As I’ve observed, the news business has always been little like standing on the side of a river watching the water go by. But what with a gazillion content sources, it’s more like a 500-year flood now. There’s so much bandwidth to fill and so many sensors feeding the maw, everything is a story. And thus, two stories on the sighting of jetpacks being flown near airliners in the past couple of months.
My friend Stephan Wilkinson wrote to urge me to “put an AVweb stake through the heart of this baloney about ‘jetpack fliers’ being sighted over LAX.” It was on my to-do list, but thanks for the reminder. So how did these stories find their way into the news feed in the first place?
They are, of course, legitimate news stories because they’re based on bona fide—if likely mistaken—observations by airline pilots. We often credit our fellow pilots as being “trained observers” but have you had any training in observing distant targets and identifying type of aircraft, distance and direction of flight? If you’re a military pilot, perhaps yes, but for the rest of us—including airline pilots—we’re only a beat better than any other untrained observer and very likely to get details, if not the basics, wrong.
And the likelihood of these observations being accurate is exceedingly small. First, let’s define jetpack. There’s the Yves Rossi type with four small jet engines attached to a hard wing and there’s the rocket-belt type of the sort JetPack Aviation has demonstrated. Then there’s the Martin Jetpack, which wasn’t a jetpack at all but a pair of ducted fans driven by a gasoline engine.

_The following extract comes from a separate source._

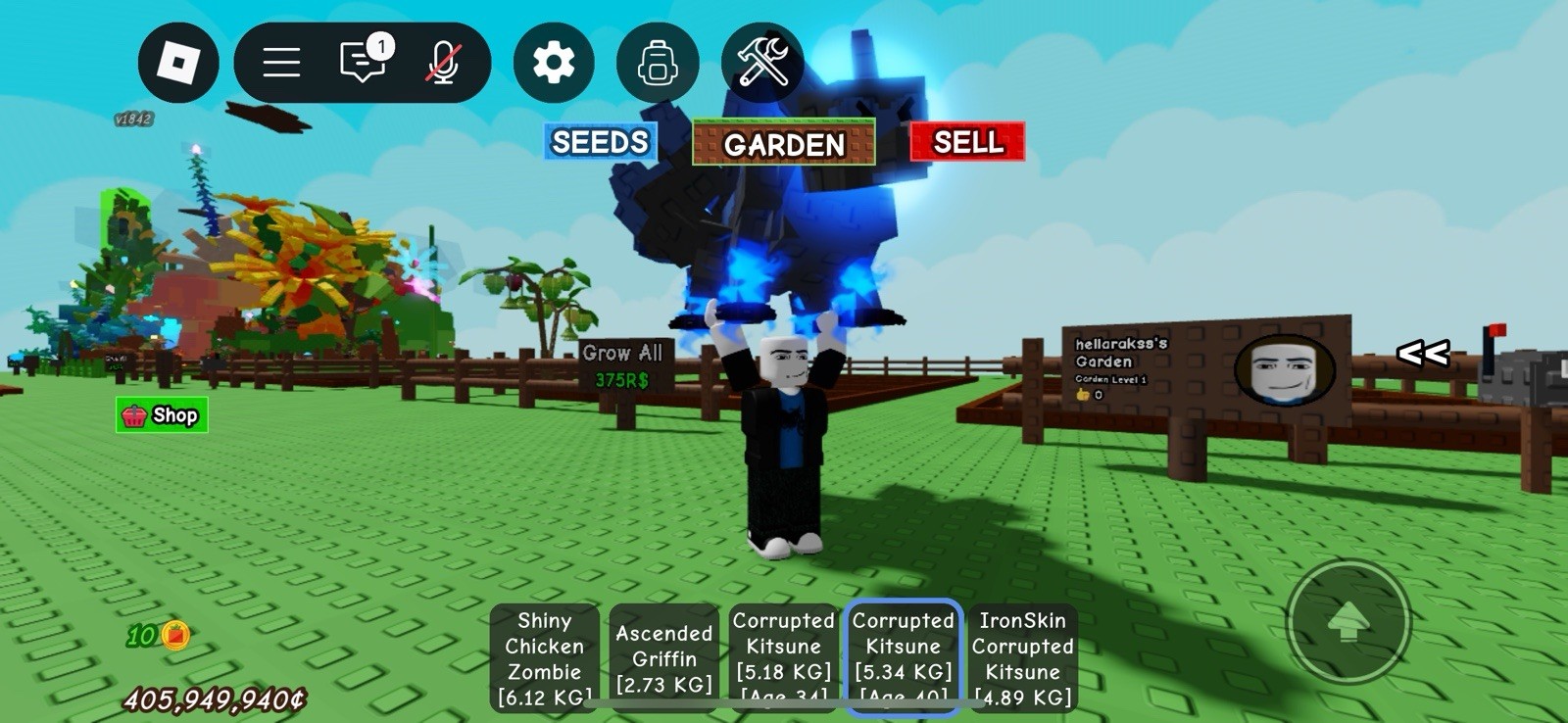 Roblox Grow a Garden Corrupted Kitsunes, Chicken zombie, Ascended griffin Cheap!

We reported on this in 2008 when it appeared at AirVenture. The company has since gone defunct, which immediately tells you two things: Even if such a thing were a developmental reality, the market demand for it would be nil. The demo flights barely got to head height, but our follow-up reporting said it eventually got to 5000 feet (unmanned), but landed under parachute.

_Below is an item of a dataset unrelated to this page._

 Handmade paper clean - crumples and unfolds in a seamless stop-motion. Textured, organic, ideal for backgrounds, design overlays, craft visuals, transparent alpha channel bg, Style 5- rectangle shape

Yves Rossi has wowed airshows with his demos air launched from helicopters and earlier this year, I wrote about Vince Reffet’s stunning ground-launched jetpack flights from a pier in Dubai. He landed low-altitude excursions on his feet, but his higher flights were landed the way Rossi’s have been: under a parachute.
It is possible, I suppose, that some enterprising experimenter has copied the Rossi design, managed to keep it secret for whatever reasons and then decided to unveil it beyond the window of airliners on final to LAX. It’s further possible that this clever person took off and landed the thing—directly or under canopy—without anyone in a cityplex of 19 million people noticing. It’s also possible that my application to become Papal Nuncio will finally be approved this week.
So if airline crews aren’t hallucinating or suffering from mass hysteria, what did they see? My bet is a drone tarted up with a mannequin or human figure to appear, at an unknown distance, as a piloted jetpack. A moderately skilled drone hobbyist could easily pull this off, although I have my doubts about sustaining 6000 feet for very long.
The payoff is the flurry of news stories and local TV coverage that did in fact happen in the continuing quest to give people their 15 minutes of fame. It’s not lost on me that if we didn’t cover these pranks, people would be less inclined to do them. It’s also true that if you didn’t click on them, we would be less inclined to cover them.
As the occupants of the last Titanic lifeboat would surely have known, we’re all in this together.